• _Problem_:
With the pictures omitted, print exactly the lines below, from the one containing "11 exposed brick" through the one containing "A hotel room", and nothing else.

(Saved data entries)
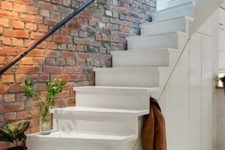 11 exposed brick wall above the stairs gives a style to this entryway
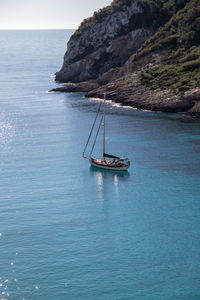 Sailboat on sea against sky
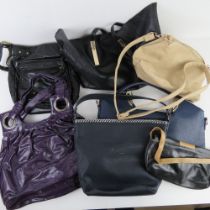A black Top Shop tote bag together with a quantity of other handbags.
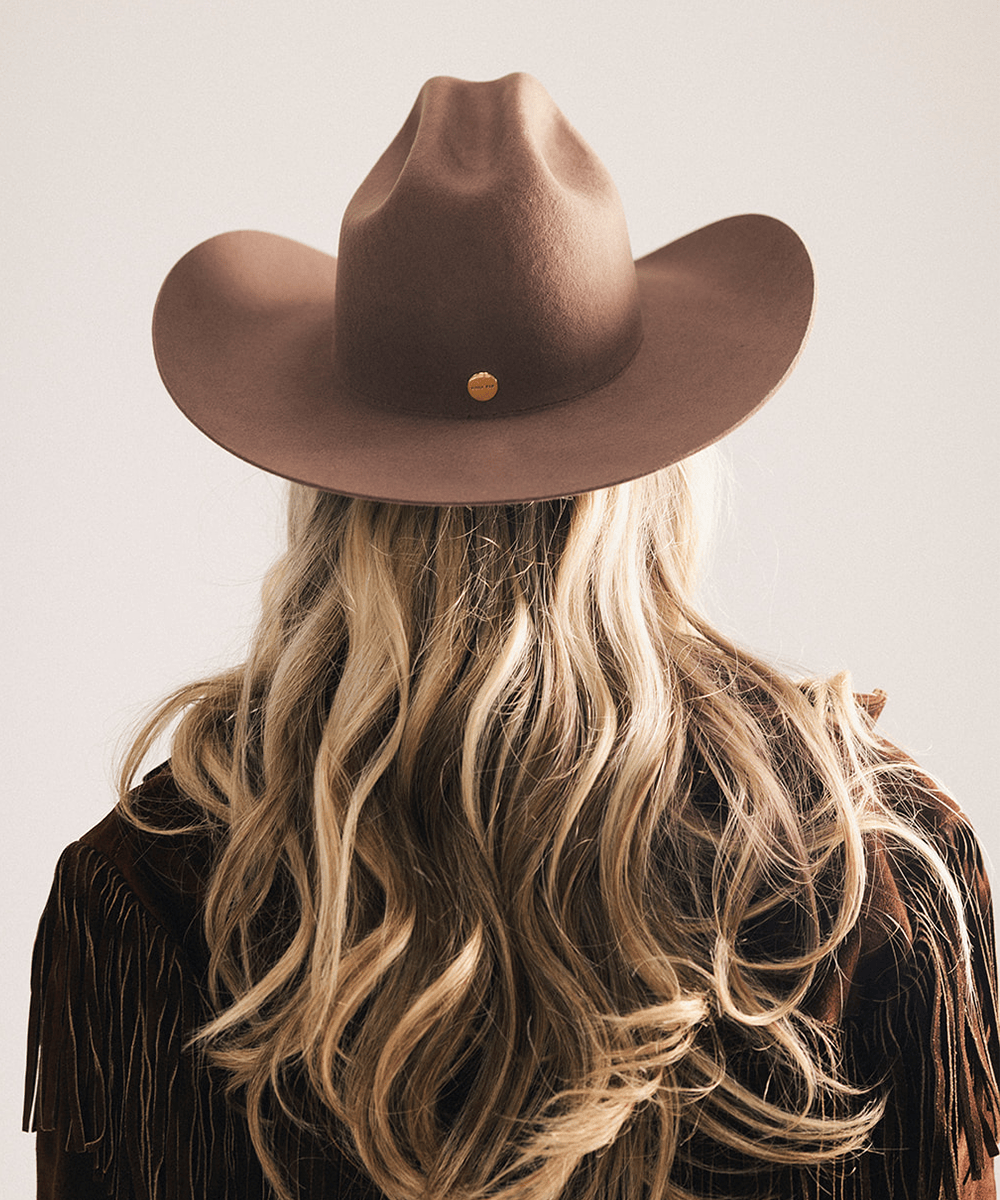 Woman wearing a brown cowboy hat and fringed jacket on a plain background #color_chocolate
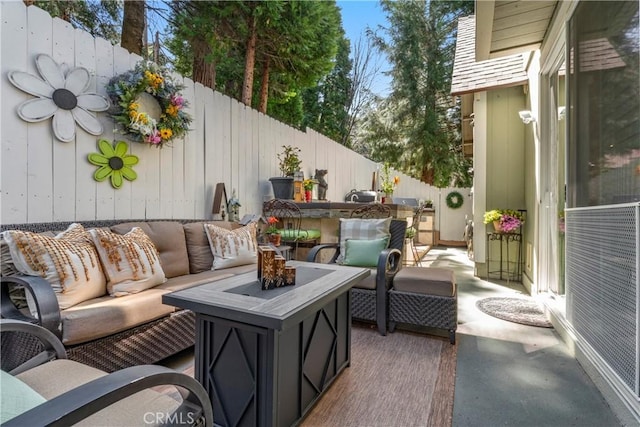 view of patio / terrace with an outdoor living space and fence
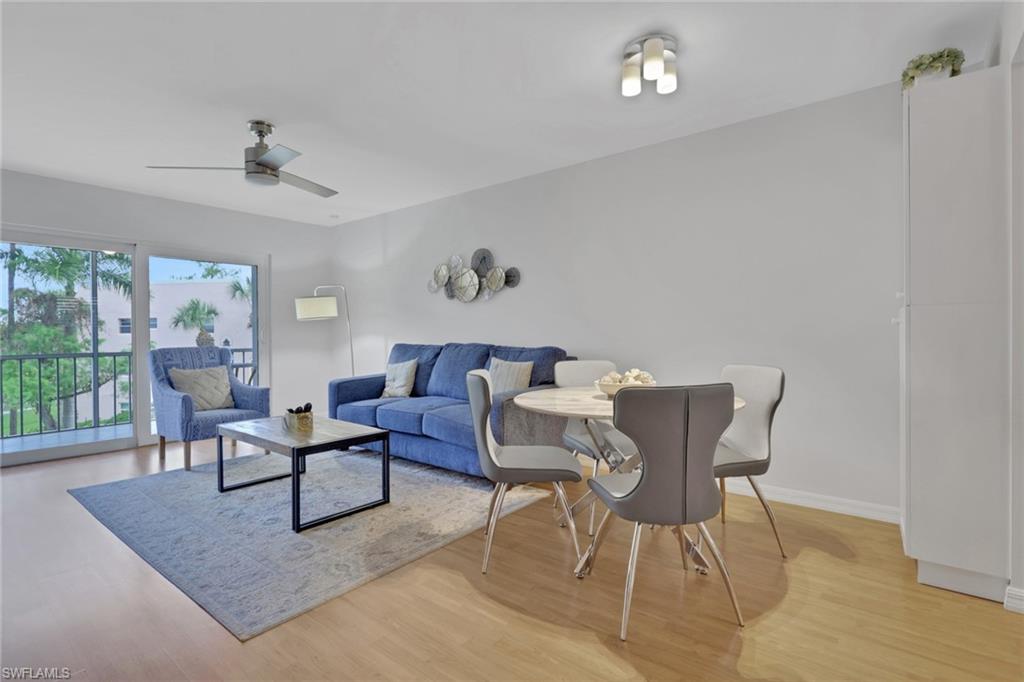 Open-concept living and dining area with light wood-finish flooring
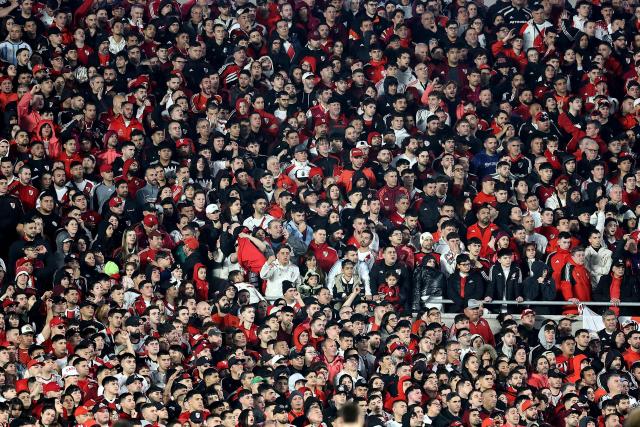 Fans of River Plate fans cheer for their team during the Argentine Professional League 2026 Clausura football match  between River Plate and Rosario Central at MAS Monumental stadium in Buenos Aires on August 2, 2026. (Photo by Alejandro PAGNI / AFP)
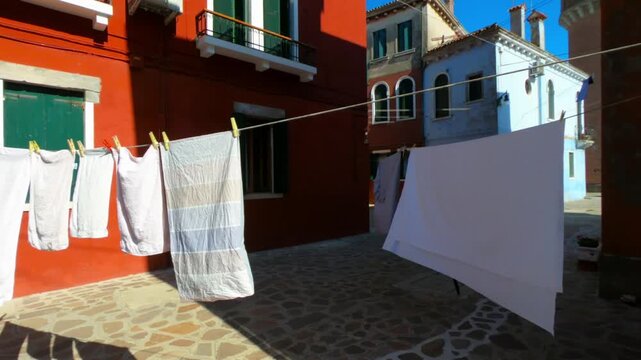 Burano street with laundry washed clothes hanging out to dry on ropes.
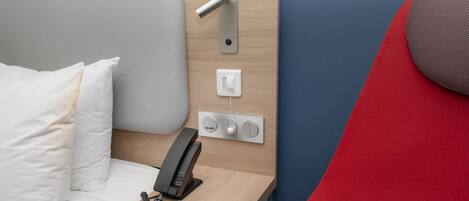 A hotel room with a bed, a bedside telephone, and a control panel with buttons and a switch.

---

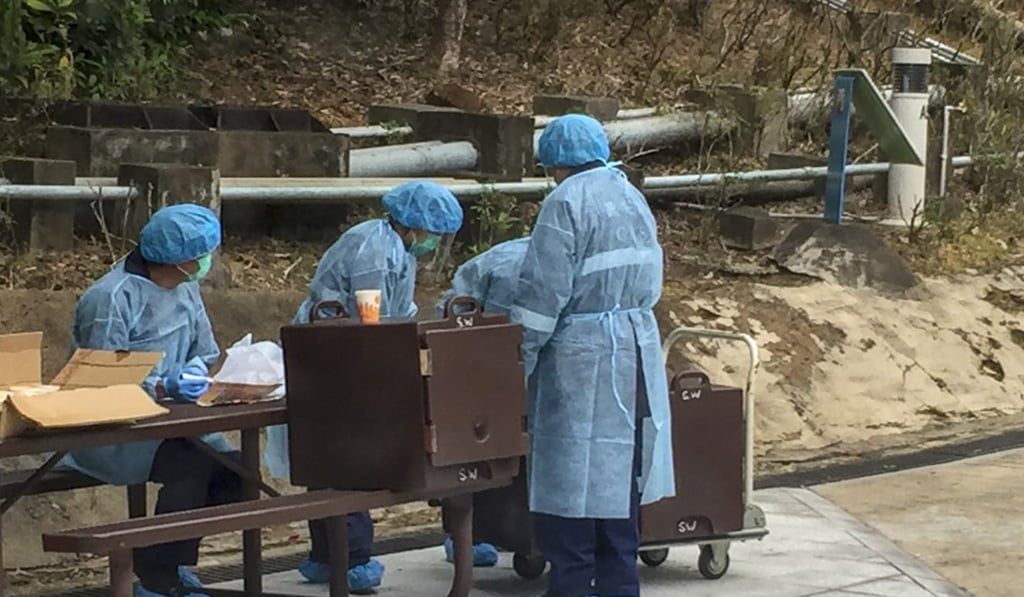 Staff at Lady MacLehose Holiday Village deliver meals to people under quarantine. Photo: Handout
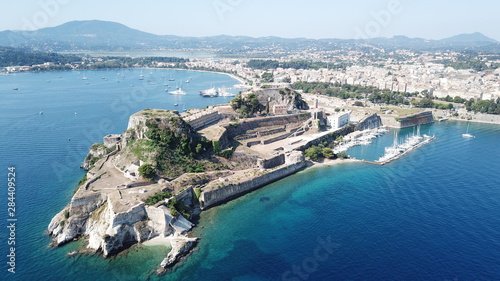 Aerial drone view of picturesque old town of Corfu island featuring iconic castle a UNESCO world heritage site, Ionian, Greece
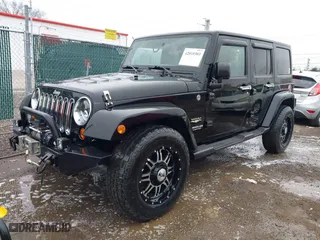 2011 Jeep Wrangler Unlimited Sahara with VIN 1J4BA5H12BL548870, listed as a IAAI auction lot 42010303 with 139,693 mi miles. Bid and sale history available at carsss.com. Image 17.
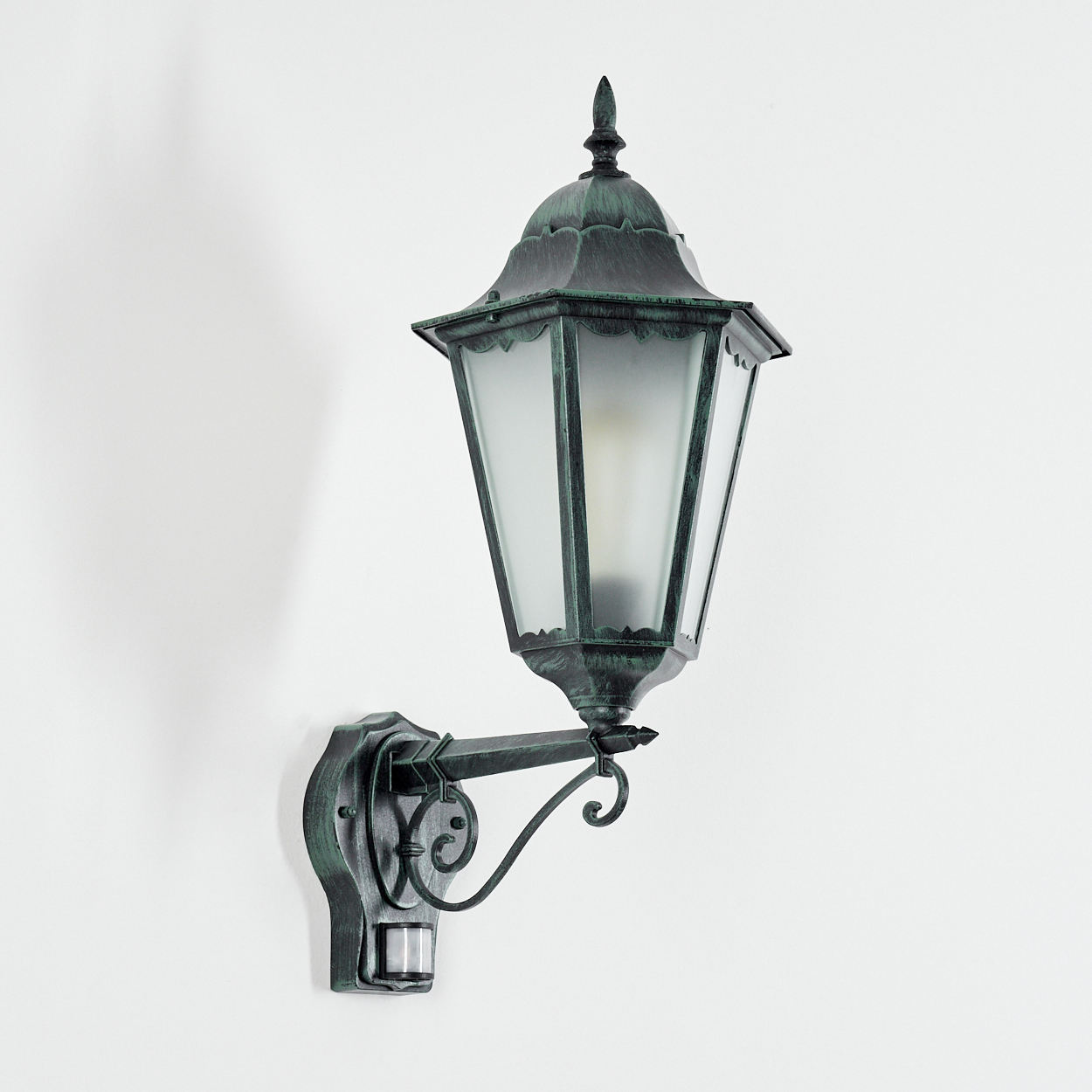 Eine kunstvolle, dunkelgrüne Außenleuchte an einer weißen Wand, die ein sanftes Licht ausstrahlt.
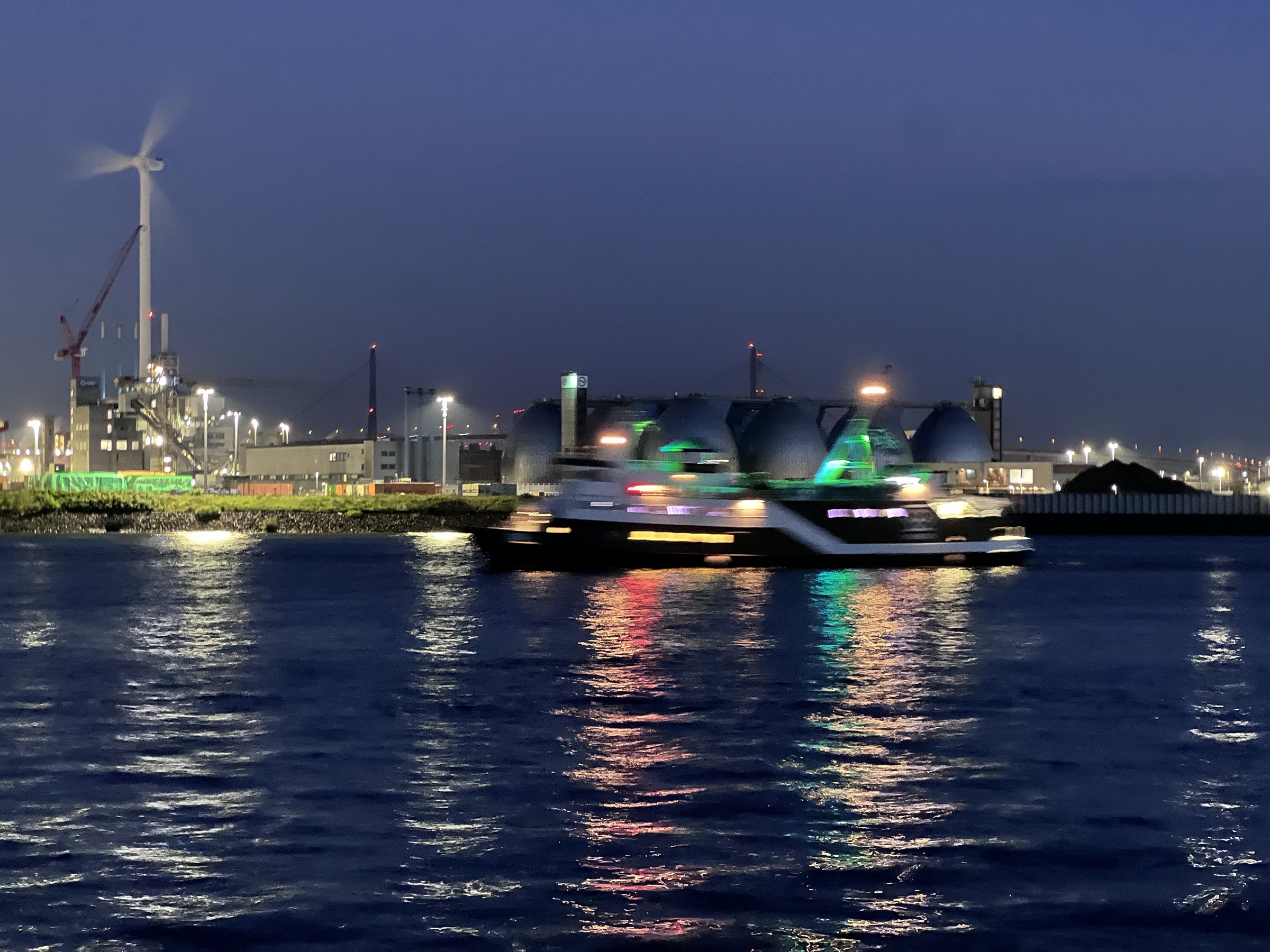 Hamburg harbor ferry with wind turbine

• _Result of this exercise_:
 11 exposed brick wall above the stairs gives a style to this entryway
 Sailboat on sea against sky
A black Top Shop tote bag together with a quantity of other handbags.
 Woman wearing a brown cowboy hat and fringed jacket on a plain background #color_chocolate
 view of patio / terrace with an outdoor living space and fence
 Open-concept living and dining area with light wood-finish flooring
 Fans of River Plate fans cheer for their team during the Argentine Professional League 2026 Clausura football match  between River Plate and Rosario Central at MAS Monumental stadium in Buenos Aires on August 2, 2026. (Photo by Alejandro PAGNI / AFP)
 Burano street with laundry washed clothes hanging out to dry on ropes.
 A hotel room with a bed, a bedside telephone, and a control panel with buttons and a switch.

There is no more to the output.